Avverso tale ordinanza ha proposto ricorso il OL deducendo con un primo motivo l'insussistenza degli elementi indiziari attesa l'inutilizzabilità delle dichiarazioni rese dal coimputato CO GO, rilasciate in violazione del disposto di cui all'art. 64 comma 3^ lett. c) C.P.P. e di quelle rese dal minore GI TA,
che avrebbe dovuto essere sentito come indiziato di reato, Con un secondo motivo il ricorrente ha dedotto l'insussistenza del pericolo di recidiva e di inquinamento probatorio, attesi la illogicità della motivazione svolta sul punto dal GIP, il diverso trattamento riservato al coindagato, l'inattendibilità peraltro di costui. Con altri motivi il ricorrente ha rilevato la possibilità di poter egli usufruire del beneficio della sospensione condizionale della pena ed ha sottolineato l'omessa considerazione degli elementi a suo favore. Il ricorso merita accoglimento, presentando l'ordinanza impugnata vistose lacune motivazionali.
Se la motivazione per relationem è certamente legittima, comportando il puntuale richiamo al contenuto di altri atti - conosciuto dall'interessato o comunque da questi facilmente conoscibile - l'introduzione di argomentazioni che, in quanto positivamente valutate e fatte proprie, vengono a far parte integrante del nuovo provvedimento, ai fini dell'assolvimento dell'obbligo motivazionale non può però non tenersi conto della congruenza e completezza della motivazione così svolta. Ed infatti, ove essa si risolva nel mero richiamo alle argomentazioni svolte nel provvedimento sottoposto a riesame senza valutazione alcuna delle doglianze per le quali l'interessato ha sollecitato il riesame del provvedimento adottato nei suoi confronti, l'obbligo di motivazione non può certo considerarsi adempiuto, vanificandosi in siffatta situazione la garanzia della doppia disamina e venendo meno lo stesso oggetto del procedimento di riesame, costituito dalla revisione critica della precedente statuizione alla luce dei rilievi avanzati dall'interessato (cfr.

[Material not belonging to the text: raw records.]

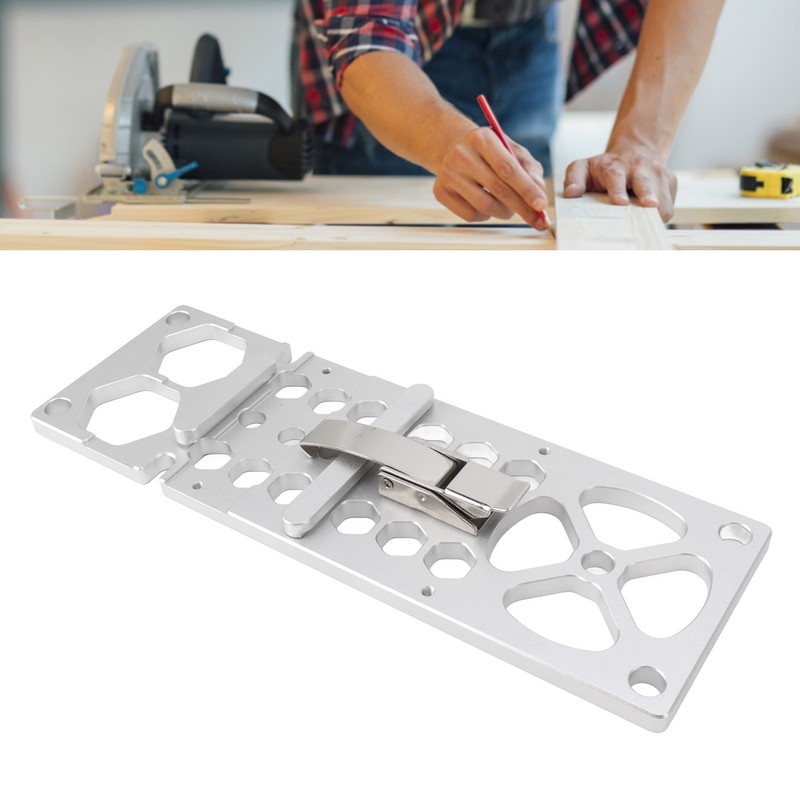 Right Angle Electric Circular Saw Guide Rail Accurate 90° Angle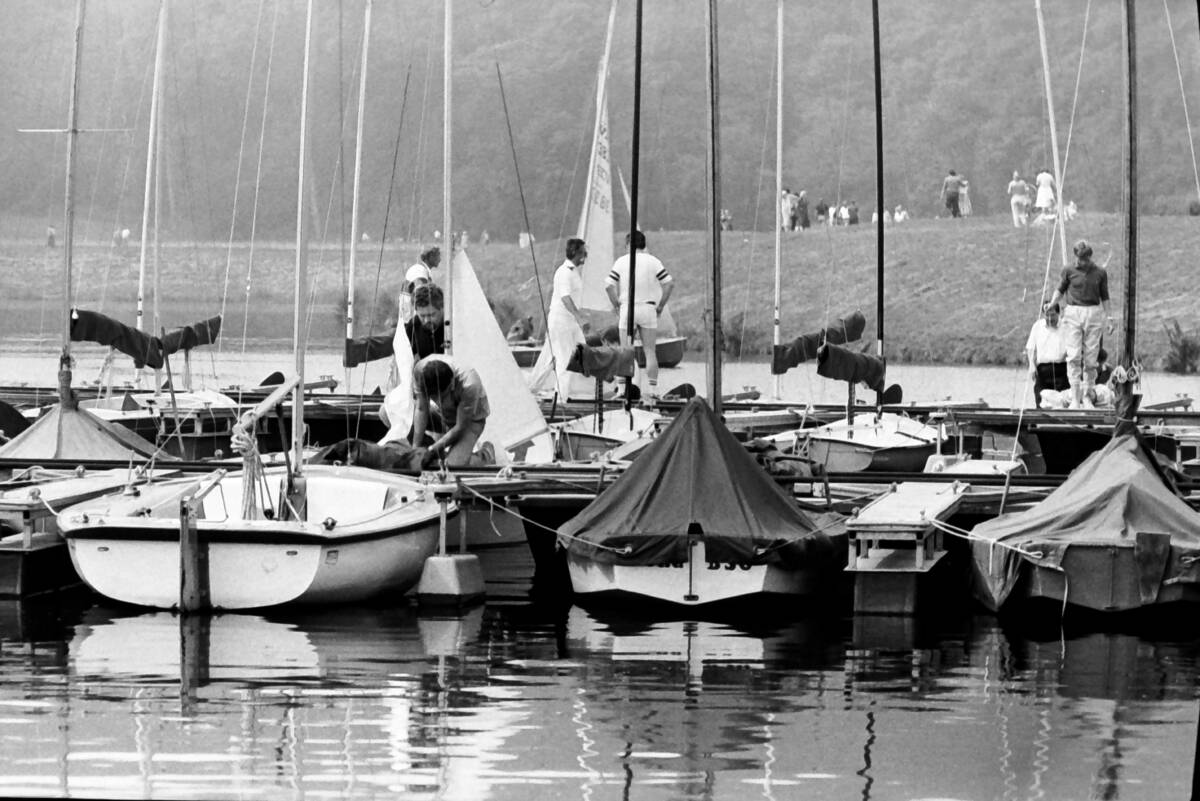 Saisonstart am Kemnader See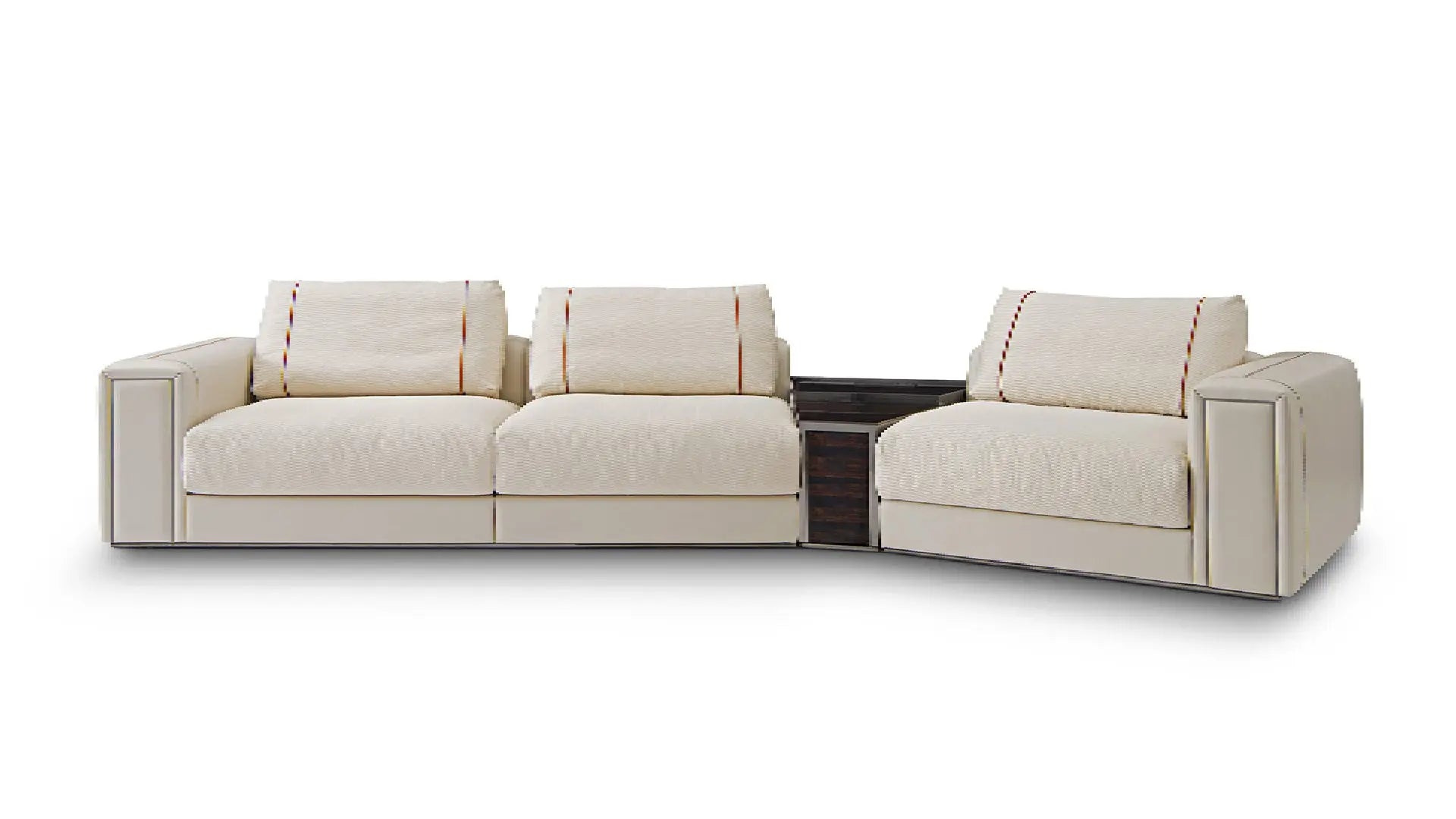 Elegant Three-Seater Sofa: Comfort and Style in One WH306SF3R/LA Right armrest three-seater sofa A type sofa W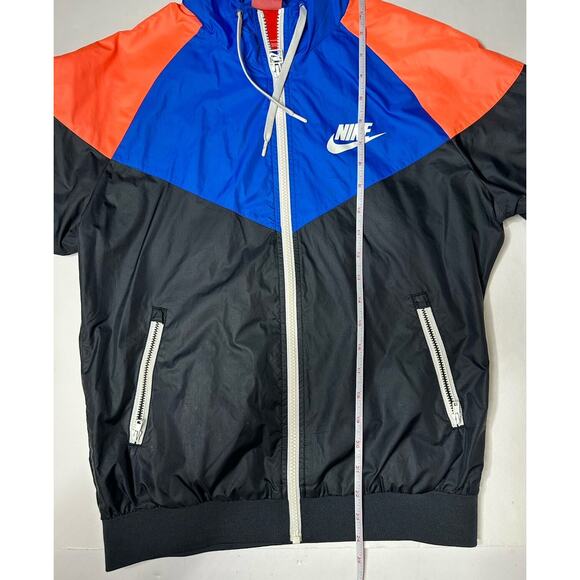 Nick Windrunner Women’s Running Size Medium Blue, Black And Orange - Picture 7 of 13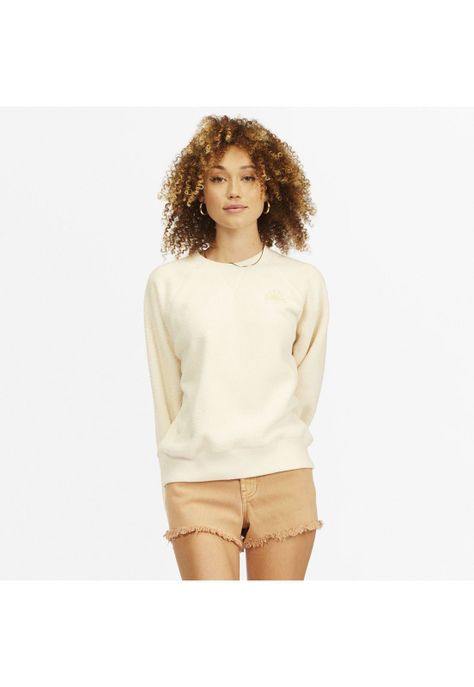 Polerón Mujer Cozy Crew Verde-0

Cass. sent. n. 4557/99). Alla stregua di quanto sopra, avendo il Tribunale del riesame di Venezia rigettato la richiesta di riesame e confermato nei confronti del ricorrente l'ordinanza di arresti domiciliari attraverso - esclusivamente - il richiamo alla motivazione contenuta in tale ordinanza, si impone, in accoglimento del gravame, l'annullamento del provvedimento impugnato;
gli atti devono essere rinviati al Tribunale di Venezia per nuovo esame.
P.Q.M.
Annulla l'ordinanza impugnata e rinvia per nuovo esame al Tribunale di Venezia.
Così deciso in Roma, il 1 ottobre 2004.